__Exercise details__
Among the entries below, extract exactly the lines that run from the one with "Mars Gaming MS1, altavoces" through the one with "BLOKADA KIEROWNICY+STACYJKA+KLUCZYK AUDI", both ends included.

__Data records__
= = = = =

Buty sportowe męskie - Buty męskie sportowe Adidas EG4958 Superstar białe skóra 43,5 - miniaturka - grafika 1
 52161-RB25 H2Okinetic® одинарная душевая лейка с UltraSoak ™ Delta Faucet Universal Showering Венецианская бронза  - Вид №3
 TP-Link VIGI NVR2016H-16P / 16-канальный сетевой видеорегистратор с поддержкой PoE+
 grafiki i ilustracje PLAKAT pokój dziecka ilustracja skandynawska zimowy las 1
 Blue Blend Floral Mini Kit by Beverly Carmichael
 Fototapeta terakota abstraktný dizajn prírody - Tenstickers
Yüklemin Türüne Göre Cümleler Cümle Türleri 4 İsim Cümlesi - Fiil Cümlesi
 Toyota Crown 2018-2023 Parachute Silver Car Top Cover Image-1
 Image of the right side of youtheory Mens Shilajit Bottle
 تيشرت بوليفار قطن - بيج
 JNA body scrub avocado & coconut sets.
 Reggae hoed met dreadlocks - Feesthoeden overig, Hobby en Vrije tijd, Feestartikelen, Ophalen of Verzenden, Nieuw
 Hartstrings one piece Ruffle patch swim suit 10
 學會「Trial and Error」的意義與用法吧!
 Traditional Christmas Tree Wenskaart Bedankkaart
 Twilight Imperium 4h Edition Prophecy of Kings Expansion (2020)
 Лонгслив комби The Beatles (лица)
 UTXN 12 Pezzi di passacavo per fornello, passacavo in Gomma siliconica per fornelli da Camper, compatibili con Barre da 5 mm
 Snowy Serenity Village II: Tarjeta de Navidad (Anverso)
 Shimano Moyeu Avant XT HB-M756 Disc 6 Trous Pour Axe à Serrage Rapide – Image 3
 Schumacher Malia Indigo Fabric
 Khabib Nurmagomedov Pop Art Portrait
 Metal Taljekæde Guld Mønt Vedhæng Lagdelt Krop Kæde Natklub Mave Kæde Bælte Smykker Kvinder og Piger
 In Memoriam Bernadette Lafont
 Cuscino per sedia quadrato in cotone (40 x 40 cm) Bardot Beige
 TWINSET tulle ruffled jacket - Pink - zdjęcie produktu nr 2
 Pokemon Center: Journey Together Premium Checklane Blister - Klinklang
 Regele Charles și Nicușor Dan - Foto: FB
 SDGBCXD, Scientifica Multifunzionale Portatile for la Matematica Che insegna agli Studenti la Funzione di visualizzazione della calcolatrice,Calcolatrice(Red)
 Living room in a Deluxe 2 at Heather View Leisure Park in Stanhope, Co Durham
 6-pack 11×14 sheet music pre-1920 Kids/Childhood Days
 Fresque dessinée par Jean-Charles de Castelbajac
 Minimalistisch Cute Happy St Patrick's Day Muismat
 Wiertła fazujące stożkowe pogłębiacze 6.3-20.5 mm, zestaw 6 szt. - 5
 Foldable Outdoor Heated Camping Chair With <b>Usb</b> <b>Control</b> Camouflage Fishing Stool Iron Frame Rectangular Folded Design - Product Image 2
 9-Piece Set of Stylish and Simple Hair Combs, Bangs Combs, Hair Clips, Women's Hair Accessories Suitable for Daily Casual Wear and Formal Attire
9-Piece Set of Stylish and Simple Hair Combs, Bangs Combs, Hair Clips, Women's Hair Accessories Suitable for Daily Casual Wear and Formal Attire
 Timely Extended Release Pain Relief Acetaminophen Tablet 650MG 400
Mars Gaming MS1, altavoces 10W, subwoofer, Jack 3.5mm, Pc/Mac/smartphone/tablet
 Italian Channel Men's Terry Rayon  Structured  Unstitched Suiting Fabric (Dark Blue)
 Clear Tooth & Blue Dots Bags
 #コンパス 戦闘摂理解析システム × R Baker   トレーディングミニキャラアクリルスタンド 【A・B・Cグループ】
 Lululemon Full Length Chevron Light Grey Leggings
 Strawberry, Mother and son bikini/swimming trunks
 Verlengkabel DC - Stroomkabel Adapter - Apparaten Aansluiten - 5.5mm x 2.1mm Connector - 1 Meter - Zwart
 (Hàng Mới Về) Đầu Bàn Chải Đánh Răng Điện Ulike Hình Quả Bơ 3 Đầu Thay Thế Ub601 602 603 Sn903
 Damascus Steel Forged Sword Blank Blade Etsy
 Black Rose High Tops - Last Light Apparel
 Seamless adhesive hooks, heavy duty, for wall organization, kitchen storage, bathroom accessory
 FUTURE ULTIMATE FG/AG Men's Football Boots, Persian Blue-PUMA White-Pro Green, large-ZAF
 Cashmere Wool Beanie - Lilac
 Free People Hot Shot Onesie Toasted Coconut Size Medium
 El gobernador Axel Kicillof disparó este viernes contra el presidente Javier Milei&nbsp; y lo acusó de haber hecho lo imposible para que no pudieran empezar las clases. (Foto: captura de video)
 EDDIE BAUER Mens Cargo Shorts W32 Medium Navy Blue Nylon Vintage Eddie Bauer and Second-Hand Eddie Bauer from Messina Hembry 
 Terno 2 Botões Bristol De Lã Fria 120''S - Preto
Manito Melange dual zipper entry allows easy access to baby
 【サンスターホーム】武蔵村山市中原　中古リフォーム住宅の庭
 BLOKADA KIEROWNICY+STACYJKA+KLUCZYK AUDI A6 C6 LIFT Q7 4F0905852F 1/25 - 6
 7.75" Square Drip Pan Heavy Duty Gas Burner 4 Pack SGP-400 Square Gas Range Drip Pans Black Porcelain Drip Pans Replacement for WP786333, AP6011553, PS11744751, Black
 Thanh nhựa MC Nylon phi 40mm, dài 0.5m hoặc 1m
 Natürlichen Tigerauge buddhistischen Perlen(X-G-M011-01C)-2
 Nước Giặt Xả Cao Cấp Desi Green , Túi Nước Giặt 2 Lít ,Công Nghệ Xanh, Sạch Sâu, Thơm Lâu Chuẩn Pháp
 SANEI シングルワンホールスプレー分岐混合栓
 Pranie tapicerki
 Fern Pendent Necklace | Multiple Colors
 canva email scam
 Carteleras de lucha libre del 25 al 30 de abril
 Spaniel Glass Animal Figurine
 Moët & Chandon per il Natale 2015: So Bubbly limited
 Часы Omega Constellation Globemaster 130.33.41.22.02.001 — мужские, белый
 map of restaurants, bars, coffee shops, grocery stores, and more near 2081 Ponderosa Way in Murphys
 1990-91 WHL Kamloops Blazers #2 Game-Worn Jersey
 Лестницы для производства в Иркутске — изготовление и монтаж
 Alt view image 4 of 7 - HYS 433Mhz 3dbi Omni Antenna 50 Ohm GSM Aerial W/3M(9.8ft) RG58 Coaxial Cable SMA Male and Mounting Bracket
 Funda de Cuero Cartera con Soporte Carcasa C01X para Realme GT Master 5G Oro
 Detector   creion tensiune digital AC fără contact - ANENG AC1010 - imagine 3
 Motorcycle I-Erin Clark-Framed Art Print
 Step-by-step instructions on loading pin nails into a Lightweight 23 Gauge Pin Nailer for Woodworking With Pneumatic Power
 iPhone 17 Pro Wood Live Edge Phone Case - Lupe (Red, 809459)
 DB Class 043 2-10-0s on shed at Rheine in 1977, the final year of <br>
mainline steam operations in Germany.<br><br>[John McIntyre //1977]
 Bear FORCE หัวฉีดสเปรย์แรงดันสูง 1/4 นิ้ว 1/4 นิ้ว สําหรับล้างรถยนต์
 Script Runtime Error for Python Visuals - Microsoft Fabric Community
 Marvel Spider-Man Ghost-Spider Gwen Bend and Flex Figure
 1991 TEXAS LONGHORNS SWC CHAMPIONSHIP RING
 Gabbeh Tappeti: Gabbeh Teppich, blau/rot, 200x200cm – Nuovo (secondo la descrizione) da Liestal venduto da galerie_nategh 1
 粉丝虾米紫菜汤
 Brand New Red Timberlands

= = = = =

__Final answer__
Mars Gaming MS1, altavoces 10W, subwoofer, Jack 3.5mm, Pc/Mac/smartphone/tablet
 Italian Channel Men's Terry Rayon  Structured  Unstitched Suiting Fabric (Dark Blue)
 Clear Tooth & Blue Dots Bags
 #コンパス 戦闘摂理解析システム × R Baker   トレーディングミニキャラアクリルスタンド 【A・B・Cグループ】
 Lululemon Full Length Chevron Light Grey Leggings
 Strawberry, Mother and son bikini/swimming trunks
 Verlengkabel DC - Stroomkabel Adapter - Apparaten Aansluiten - 5.5mm x 2.1mm Connector - 1 Meter - Zwart
 (Hàng Mới Về) Đầu Bàn Chải Đánh Răng Điện Ulike Hình Quả Bơ 3 Đầu Thay Thế Ub601 602 603 Sn903
 Damascus Steel Forged Sword Blank Blade Etsy
 Black Rose High Tops - Last Light Apparel
 Seamless adhesive hooks, heavy duty, for wall organization, kitchen storage, bathroom accessory
 FUTURE ULTIMATE FG/AG Men's Football Boots, Persian Blue-PUMA White-Pro Green, large-ZAF
 Cashmere Wool Beanie - Lilac
 Free People Hot Shot Onesie Toasted Coconut Size Medium
 El gobernador Axel Kicillof disparó este viernes contra el presidente Javier Milei&nbsp; y lo acusó de haber hecho lo imposible para que no pudieran empezar las clases. (Foto: captura de video)
 EDDIE BAUER Mens Cargo Shorts W32 Medium Navy Blue Nylon Vintage Eddie Bauer and Second-Hand Eddie Bauer from Messina Hembry 
 Terno 2 Botões Bristol De Lã Fria 120''S - Preto
Manito Melange dual zipper entry allows easy access to baby
 【サンスターホーム】武蔵村山市中原　中古リフォーム住宅の庭
 BLOKADA KIEROWNICY+STACYJKA+KLUCZYK AUDI A6 C6 LIFT Q7 4F0905852F 1/25 - 6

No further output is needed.